__Problem to work on__:
Pull out of the data below the stretch of lines bounded by the one containing "Creed 3 Shirt" and the one containing "2021 Maruti IGNIS", both bounds included, unchanged.

__Records for the exercise__:
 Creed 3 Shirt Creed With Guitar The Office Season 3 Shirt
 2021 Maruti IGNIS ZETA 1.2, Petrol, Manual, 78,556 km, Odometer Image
...
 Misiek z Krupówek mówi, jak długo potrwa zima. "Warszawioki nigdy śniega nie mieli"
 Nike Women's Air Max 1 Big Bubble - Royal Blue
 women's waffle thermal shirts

__Finished task__:
 Creed 3 Shirt Creed With Guitar The Office Season 3 Shirt
 2021 Maruti IGNIS ZETA 1.2, Petrol, Manual, 78,556 km, Odometer Image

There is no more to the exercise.